INPUT FOR THIS TASK:
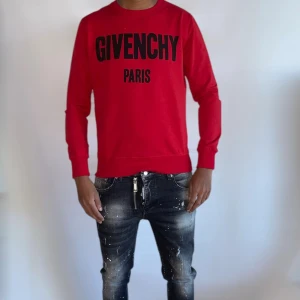 Givenchy tröja XS röd  - Helt ny. Fin replika med grym kvalitét. Modellen är 175cm och bär storlek XS på bilderna. Pris: 699kr. Först till kvarn som gäller. Skickas direkt inom 24h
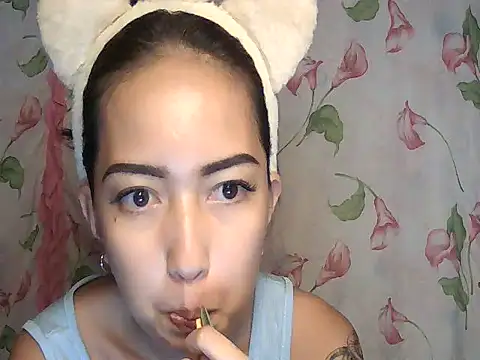 Snapshot of Soft_Angel8 chatting on July 2026 10:09:01 AM Soft Angel8 online show from July 2026 10:09:01 AM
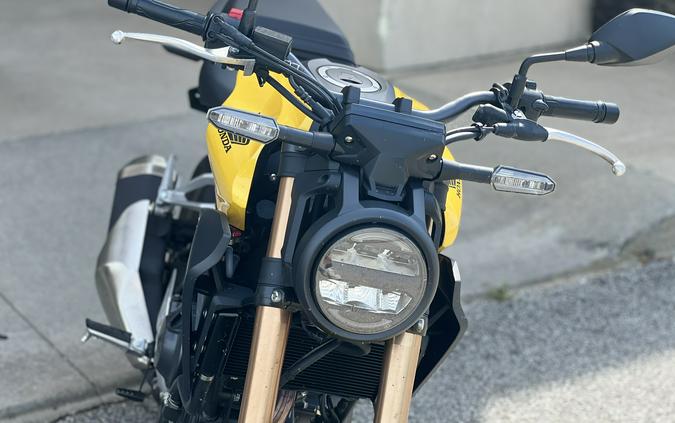 2025 Honda CB300R ABS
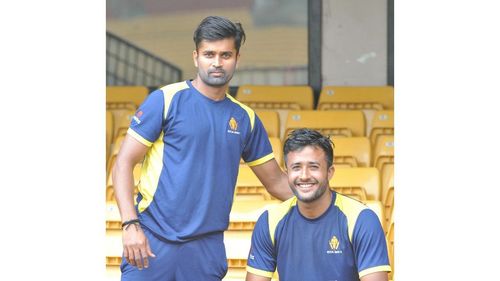 Young Sharath with former Karnataka captain Vinay Kumar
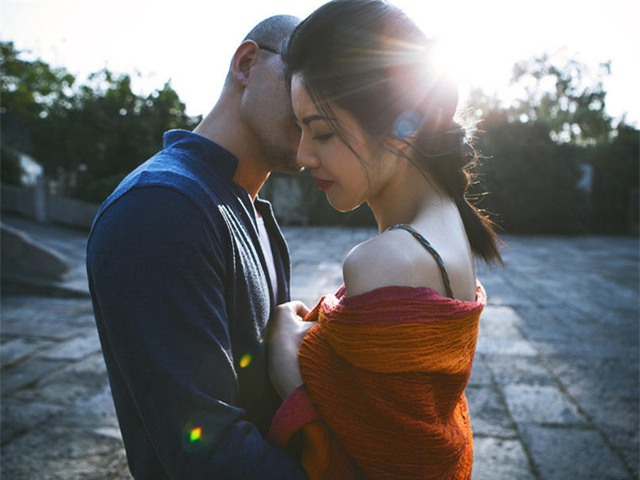 5 nam song thu, doi mai ma anh khong giau - 1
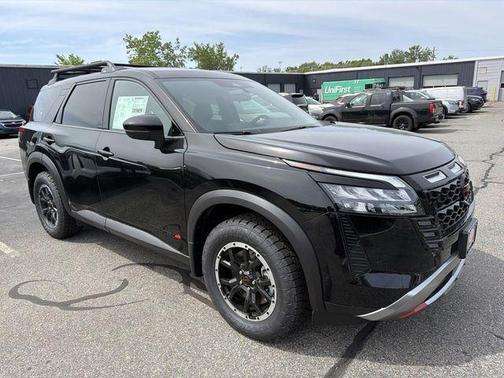 Black 2026 Nissan Pathfinder Rock Creek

PROBLEM TO WORK ON: Copy all of the data above exactly. Leave out every picture.

ANSWER SECTION:
 Givenchy tröja XS röd  - Helt ny. Fin replika med grym kvalitét. Modellen är 175cm och bär storlek XS på bilderna. Pris: 699kr. Först till kvarn som gäller. Skickas direkt inom 24h
 Snapshot of Soft_Angel8 chatting on July 2026 10:09:01 AM Soft Angel8 online show from July 2026 10:09:01 AM
 2025 Honda CB300R ABS
 Young Sharath with former Karnataka captain Vinay Kumar
 5 nam song thu, doi mai ma anh khong giau - 1
 Black 2026 Nissan Pathfinder Rock Creek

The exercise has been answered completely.